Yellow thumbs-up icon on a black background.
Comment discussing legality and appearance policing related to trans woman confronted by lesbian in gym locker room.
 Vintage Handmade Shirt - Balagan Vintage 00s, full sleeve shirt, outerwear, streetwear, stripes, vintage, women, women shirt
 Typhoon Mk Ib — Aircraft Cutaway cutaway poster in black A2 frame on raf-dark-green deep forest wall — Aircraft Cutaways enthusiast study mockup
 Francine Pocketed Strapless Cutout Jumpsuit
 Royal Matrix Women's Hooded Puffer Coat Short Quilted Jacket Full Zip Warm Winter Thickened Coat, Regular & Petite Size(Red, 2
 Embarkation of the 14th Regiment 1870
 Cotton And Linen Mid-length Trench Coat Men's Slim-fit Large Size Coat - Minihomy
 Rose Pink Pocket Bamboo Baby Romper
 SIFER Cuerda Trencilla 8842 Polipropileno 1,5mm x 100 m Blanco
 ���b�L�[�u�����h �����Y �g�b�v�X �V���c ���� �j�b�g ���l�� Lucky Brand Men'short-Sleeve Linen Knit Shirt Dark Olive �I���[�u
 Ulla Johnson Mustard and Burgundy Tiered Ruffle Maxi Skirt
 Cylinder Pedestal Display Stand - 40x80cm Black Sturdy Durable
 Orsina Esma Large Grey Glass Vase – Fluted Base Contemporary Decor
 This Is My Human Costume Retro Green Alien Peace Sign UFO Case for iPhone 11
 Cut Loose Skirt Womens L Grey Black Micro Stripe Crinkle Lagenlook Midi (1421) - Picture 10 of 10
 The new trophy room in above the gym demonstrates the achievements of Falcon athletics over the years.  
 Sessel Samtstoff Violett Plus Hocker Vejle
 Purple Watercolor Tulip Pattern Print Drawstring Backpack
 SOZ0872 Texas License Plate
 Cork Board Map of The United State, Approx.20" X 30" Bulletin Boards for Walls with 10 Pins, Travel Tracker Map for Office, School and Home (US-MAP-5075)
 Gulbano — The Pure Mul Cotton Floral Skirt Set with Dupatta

::::

> [ASSIGNED TASK] Set down exactly what runs from the line with "Francine Pocketed Strapless Cutout Jumpsuit" to the last line of the data above, including both of those lines and no others.

> [RESULT]
 Francine Pocketed Strapless Cutout Jumpsuit
 Royal Matrix Women's Hooded Puffer Coat Short Quilted Jacket Full Zip Warm Winter Thickened Coat, Regular & Petite Size(Red, 2
 Embarkation of the 14th Regiment 1870
 Cotton And Linen Mid-length Trench Coat Men's Slim-fit Large Size Coat - Minihomy
 Rose Pink Pocket Bamboo Baby Romper
 SIFER Cuerda Trencilla 8842 Polipropileno 1,5mm x 100 m Blanco
 ���b�L�[�u�����h �����Y �g�b�v�X �V���c ���� �j�b�g ���l�� Lucky Brand Men'short-Sleeve Linen Knit Shirt Dark Olive �I���[�u
 Ulla Johnson Mustard and Burgundy Tiered Ruffle Maxi Skirt
 Cylinder Pedestal Display Stand - 40x80cm Black Sturdy Durable
 Orsina Esma Large Grey Glass Vase – Fluted Base Contemporary Decor
 This Is My Human Costume Retro Green Alien Peace Sign UFO Case for iPhone 11
 Cut Loose Skirt Womens L Grey Black Micro Stripe Crinkle Lagenlook Midi (1421) - Picture 10 of 10
 The new trophy room in above the gym demonstrates the achievements of Falcon athletics over the years.  
 Sessel Samtstoff Violett Plus Hocker Vejle
 Purple Watercolor Tulip Pattern Print Drawstring Backpack
 SOZ0872 Texas License Plate
 Cork Board Map of The United State, Approx.20" X 30" Bulletin Boards for Walls with 10 Pins, Travel Tracker Map for Office, School and Home (US-MAP-5075)
 Gulbano — The Pure Mul Cotton Floral Skirt Set with Dupatta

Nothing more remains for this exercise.